Los medios de comunicación, eclipsados por la propaganda alauí y por el férreo y permanente bloqueo informativo marroquí, así como por los numerosos medios de desinformación a sueldo del Majzen; califican la guerra del Sahara como una “guerra de baja de intensidad”. Los saharauis, con la paciencia que caracteriza a los hijos naturales del desierto, no tienen prisa. Son corredores de fondo, y saben que, al final, esta negación de la guerra y esta teoría (de la “guerra de baja intensidad”) que El Majzen ha alimentado, se volverá contra él; al estar sufriendo en silencio las consecuencias inasumibles de una guerra que lo está desgastando.
Para entender lo que estamos diciendo, basta con hacer un simple razonamiento: Si Marruecos, teniendo al frente a Hasan II –cuyo carisma maquiavélico tenía proyección internacional, estaba arropado por los círculos de poder global, y sobrevivió (como hemos citado) a dos sangrientos golpes de Estado consecutivos– fue incapaz de soportar las enormes pérdidas humanas y materiales infligidas por el ELPS y perdió la guerra en 1991, ¿Cómo puede pensar alguien que Marruecos, comandado por su obtuso hijo –que vive totalmente ajeno a la realidad, no ya del reino, sino del mundo en general– va a cosechar otro resultado que no sea la derrota más absoluta? Es más, su inepto hijo, si no se retira a tiempo de la contienda, probablemente, acabará perdiendo el trono.
Y para que nos hagamos una idea, solo el mantenimiento del muro que serpentea de norte a sur por el Sáhara Occidental, le cuesta al régimen alauí, tres millones de dólares diarios, además del coste incalculable que supone el despliegue de los más de 100.000 soldados atrincherados a lo largo del mismo. Si a esto le sumamos los bombardeos diarios que lo hostigan –día y noche– llegará un momento en que, ni el expolio de los recursos naturales del Sahara, ni la deuda astronómica contraída, ni los millones que obtiene de Europa (supuestamente para contener la emigración); serán suficientes para sufragar este pozo sin fondo que se traga, no solo las vidas de los soldados que son enterrados furtivamente en medio de la noche, sino también las esperanzas y las ilusiones de todo el pueblo marroquí, que se ve sumido en tales extremos de pobreza, hasta el punto de verse obligado a huir en masa –en condiciones suicidas– hacia las costas europeas.
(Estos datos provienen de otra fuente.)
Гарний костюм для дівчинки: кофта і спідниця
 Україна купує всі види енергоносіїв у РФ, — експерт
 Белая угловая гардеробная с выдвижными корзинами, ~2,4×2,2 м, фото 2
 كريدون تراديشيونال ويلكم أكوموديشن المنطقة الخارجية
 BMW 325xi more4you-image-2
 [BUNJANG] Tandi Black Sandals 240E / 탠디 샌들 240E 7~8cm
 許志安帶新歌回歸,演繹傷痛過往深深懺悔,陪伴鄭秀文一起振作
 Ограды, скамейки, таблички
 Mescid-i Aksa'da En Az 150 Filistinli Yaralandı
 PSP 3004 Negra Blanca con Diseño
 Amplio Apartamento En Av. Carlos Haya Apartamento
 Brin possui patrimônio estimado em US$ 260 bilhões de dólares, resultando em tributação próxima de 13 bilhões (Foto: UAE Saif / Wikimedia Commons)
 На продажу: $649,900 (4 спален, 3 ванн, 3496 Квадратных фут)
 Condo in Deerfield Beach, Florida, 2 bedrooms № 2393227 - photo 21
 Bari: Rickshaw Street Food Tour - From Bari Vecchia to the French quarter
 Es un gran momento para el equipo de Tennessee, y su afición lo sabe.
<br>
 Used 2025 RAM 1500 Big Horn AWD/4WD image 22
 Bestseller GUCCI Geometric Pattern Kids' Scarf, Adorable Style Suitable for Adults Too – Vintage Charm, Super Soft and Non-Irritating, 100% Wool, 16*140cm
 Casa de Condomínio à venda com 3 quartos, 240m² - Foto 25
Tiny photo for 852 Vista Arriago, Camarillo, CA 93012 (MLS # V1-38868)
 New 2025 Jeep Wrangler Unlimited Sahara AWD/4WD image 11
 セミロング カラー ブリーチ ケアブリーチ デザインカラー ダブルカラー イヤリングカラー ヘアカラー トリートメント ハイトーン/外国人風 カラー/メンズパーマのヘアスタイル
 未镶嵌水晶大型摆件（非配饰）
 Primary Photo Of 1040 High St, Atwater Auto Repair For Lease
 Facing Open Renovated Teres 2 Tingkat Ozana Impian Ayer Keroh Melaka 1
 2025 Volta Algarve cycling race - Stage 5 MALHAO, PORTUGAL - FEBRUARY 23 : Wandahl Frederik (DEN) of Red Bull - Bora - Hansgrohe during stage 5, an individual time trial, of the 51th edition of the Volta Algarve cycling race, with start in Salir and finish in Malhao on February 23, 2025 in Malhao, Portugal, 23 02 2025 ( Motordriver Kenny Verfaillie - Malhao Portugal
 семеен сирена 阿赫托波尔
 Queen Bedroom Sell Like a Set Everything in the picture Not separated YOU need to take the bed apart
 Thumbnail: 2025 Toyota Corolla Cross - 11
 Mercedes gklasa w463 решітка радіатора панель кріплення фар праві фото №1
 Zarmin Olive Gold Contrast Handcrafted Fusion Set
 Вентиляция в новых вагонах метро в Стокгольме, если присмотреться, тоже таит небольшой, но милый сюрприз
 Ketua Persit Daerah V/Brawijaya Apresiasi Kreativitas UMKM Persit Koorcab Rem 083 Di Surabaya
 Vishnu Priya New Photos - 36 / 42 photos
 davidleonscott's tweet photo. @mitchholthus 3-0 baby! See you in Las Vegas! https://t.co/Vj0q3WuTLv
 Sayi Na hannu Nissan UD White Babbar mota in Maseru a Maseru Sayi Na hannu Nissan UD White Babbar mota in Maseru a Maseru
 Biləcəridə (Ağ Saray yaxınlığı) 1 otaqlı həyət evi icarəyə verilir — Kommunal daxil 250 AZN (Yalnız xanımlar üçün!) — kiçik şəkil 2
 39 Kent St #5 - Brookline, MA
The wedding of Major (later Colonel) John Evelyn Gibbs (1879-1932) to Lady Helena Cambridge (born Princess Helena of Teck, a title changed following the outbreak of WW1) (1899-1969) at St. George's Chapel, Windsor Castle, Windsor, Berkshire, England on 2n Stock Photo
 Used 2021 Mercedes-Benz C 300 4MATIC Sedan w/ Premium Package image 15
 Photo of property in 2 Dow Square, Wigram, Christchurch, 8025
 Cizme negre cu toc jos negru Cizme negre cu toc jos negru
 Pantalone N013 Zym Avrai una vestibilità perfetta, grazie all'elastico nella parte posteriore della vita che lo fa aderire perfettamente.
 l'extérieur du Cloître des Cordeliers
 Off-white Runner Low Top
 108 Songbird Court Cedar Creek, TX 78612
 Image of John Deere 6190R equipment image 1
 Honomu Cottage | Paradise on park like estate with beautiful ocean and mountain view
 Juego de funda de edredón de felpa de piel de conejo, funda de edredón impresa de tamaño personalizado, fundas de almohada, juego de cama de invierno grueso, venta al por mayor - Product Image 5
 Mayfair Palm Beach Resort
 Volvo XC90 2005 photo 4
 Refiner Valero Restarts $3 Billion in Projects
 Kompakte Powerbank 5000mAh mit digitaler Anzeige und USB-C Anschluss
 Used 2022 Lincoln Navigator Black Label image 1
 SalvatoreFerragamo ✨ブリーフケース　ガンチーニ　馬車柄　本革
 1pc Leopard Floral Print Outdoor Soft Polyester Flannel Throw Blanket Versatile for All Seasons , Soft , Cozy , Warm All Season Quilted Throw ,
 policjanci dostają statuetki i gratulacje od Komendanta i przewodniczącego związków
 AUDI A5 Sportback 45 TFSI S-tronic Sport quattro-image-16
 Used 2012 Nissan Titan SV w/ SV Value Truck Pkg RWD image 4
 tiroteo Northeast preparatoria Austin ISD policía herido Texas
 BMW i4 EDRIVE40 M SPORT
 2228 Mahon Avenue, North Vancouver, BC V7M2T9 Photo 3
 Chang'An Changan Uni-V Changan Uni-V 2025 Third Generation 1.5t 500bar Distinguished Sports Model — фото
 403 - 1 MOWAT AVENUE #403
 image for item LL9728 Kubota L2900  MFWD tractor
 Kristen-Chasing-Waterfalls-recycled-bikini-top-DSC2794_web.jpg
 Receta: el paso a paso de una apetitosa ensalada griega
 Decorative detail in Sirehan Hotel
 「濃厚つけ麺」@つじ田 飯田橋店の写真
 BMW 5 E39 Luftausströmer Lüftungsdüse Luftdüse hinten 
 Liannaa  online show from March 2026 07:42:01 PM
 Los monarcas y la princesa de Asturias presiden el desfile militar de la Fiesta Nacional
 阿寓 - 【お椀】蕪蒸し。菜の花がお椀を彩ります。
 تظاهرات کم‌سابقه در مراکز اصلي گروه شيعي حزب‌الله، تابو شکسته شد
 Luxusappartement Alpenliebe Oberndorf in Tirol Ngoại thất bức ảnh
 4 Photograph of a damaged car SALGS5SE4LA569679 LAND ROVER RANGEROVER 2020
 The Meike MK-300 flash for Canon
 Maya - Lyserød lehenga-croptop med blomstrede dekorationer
Cabe señalar, que las condiciones de vida de la tropa destacada en el muro, siempre han sido deplorables. Más que soldados, parecen zombis escuálidos ataviados con harapos, que malviven hacinados en agujeros cavados en medio del desierto, emulando a los personajes del mundo apocalíptico de las películas de George Miller. Desde hace tiempo, el muro se ha convertido en una cárcel opresiva en la que los suicidios se han vuelto habituales, y los soldados que no recurren a la deserción, solo la abandonan para ir directamente al manicomio. Ahora, con la vuelta a la guerra, las trincheras cavadas por los soldados en esta cárcel opresiva, se han convertido en su propia tumba.
Esta es la otra cara del muro, que el mundo ignora. La cara real del muro que Marruecos presenta como el prototipo de las posiciones defensivas, no es sino una costosa e inmunda ratonera en la que, irónicamente, están atrapados miles de soldados.